I forget it sometimes – almost always to my regret, when I see how fruitless all my rushing around without prayer has been. Most days I manage to remember it, though, and I’m amazed at how God blesses my time as long as I reserve some just for Him each day. It’s a loaves-and-fishes effect – He multiplies even my humblest offerings. 

Q: What words of wisdom can you share with readers who may not truly understand a faith-filled Catholic's devotion to the saints?

Think of it this way: We ask friends and family, even total strangers, to pray for us. We conduct countless informal polls, chatting up everyone from store clerks and coworkers to hairdressers and neighbors for their take on our various problems. And we all look up to people, whether for noble reasons (“I wish I had her patience”) or silly ones (“I wish I had her waist”).

So why, when it comes to the spiritual life, do we think it’s so bizarre to seek out the prayers, advice and friendship of the saints? To try to imitate those who are enjoying the eternal bliss with God that we hope to someday share? God created each of us as individuals, yes, and we must each travel our own road toward Him. But He doesn’t demand that we reinvent the wheel. We’ve had two millennia of men and women striving to follow Jesus in this fallen world. Why should we ignore their wisdom? Why refuse to learn from those who already ran this race and finished well? Sure, we can lean only on Jesus. But Jesus didn’t save us alone. He saved us as part of a family. And the family of God – the communion of saints – is our family, too.

Q: Just for today (knowing that your answer likely changes daily, as mine does) who is your favorite saint?

Mary. For reasons already mentioned, she’s my “go-to” for just about everything. I learn something from each saint I encounter; I love aspects of all of them. But Mary is my mother. I feel her hand in my life in just that way – the loving, protecting and guiding hand of a mother. She always leads me to Jesus. 

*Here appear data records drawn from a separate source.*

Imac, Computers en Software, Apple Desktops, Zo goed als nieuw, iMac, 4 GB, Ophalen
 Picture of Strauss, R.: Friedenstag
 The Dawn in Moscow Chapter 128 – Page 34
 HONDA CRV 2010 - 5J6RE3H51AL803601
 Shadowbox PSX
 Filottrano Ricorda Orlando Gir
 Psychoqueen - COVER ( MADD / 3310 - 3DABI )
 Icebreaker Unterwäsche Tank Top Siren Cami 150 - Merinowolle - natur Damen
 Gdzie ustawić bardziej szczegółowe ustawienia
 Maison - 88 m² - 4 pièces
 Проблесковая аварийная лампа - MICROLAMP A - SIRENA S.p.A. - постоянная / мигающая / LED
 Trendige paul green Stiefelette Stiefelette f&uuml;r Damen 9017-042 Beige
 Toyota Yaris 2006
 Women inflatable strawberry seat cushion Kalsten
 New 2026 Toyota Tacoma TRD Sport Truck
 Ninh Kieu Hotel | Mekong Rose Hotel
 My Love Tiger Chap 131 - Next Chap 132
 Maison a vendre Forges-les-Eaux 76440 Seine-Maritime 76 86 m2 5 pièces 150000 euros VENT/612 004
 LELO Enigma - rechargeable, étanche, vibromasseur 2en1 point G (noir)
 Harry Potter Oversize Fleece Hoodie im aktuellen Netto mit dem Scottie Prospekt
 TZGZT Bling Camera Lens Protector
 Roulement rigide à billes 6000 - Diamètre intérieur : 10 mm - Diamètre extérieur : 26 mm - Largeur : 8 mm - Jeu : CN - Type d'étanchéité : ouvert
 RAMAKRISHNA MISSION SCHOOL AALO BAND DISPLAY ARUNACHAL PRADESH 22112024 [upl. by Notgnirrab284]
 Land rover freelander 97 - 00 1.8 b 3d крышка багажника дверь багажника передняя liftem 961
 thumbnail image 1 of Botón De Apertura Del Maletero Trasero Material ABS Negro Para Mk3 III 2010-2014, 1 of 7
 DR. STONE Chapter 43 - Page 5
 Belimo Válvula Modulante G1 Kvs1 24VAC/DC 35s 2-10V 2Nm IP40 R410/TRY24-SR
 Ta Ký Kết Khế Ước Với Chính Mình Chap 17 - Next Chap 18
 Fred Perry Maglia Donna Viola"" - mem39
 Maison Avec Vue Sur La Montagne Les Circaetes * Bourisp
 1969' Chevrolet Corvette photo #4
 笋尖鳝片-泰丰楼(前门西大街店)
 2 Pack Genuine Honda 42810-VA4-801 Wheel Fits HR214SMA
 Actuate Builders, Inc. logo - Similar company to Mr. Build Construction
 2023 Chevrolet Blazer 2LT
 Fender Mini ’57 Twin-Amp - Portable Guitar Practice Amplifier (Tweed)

Q: What's next for you personally and professionally?

I’m speaking quite a bit this year, about my book and other topics, at conferences from right here in Washington, D.C., to Avila, Spain, and many points in between. If your readers want to catch up with me, they can check out my website, www.colleen-campbell.com, to see where I’ll be in 2015.

I’m also continuing to write. I’m very interested in topics related to family life which were raised by the recent Extraordinary Synod in Rome. They are some of the same topics that I’ve focused on throughout my print and broadcast journalism career, especially in recent years, as they have become so personally relevant to me. John Paul II said, “As the family goes, so goes the nation, and so goes the whole world in which we live.” Those words are truer today than ever. So we have a lot of work to do to renew the culture, the Church and the family. I hope I can play a role in that – in public life, as a writer and speaker, and in my own domestic church, as a Catholic wife and mom.